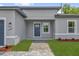 Attractive home exterior with a neatly paved walkway leading to the front door at 15443 Sw 21St Ct, Ocala, FL 34473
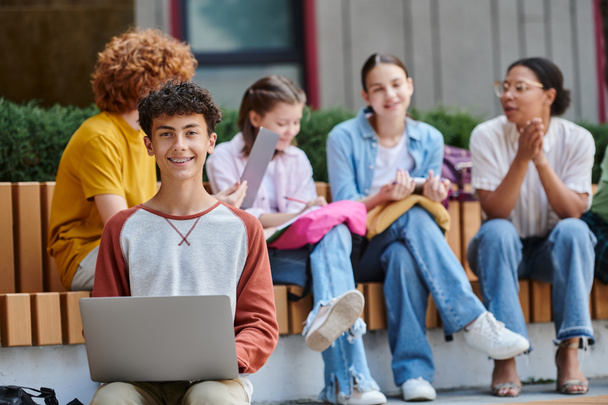 Снова в школу, счастливый мальчик-подросток смотрит в камеру, держа ноутбук, разнообразие, учителя и студенты - Фото, изображение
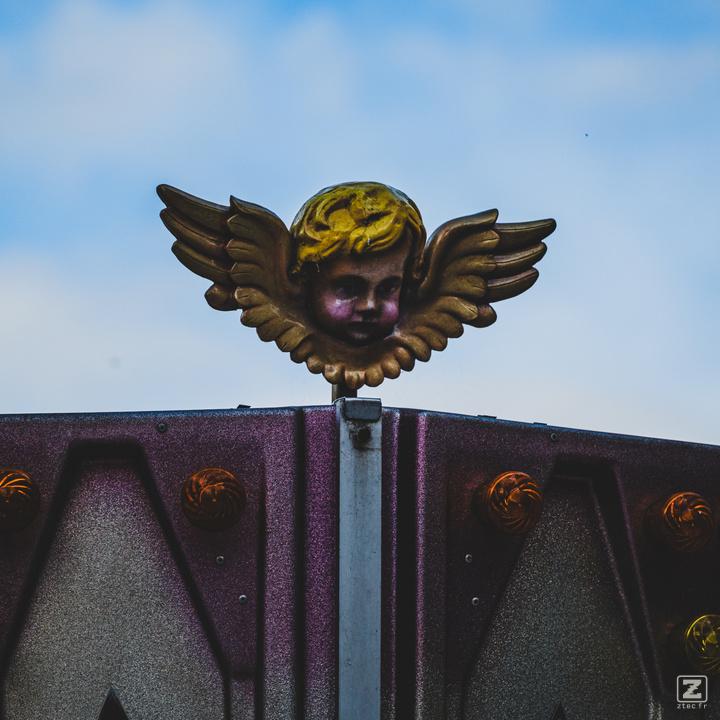 A little ange on top of an attraction ride.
━━━━━━━━
### About this exercise
Pictures should not appear; only the lines from the start of the listing above to the line containing "Снова в школу, счастливый", both ends included, are to be repeated exactly.

### Response to the task
 Attractive home exterior with a neatly paved walkway leading to the front door at 15443 Sw 21St Ct, Ocala, FL 34473
 Снова в школу, счастливый мальчик-подросток смотрит в камеру, держа ноутбук, разнообразие, учителя и студенты - Фото, изображение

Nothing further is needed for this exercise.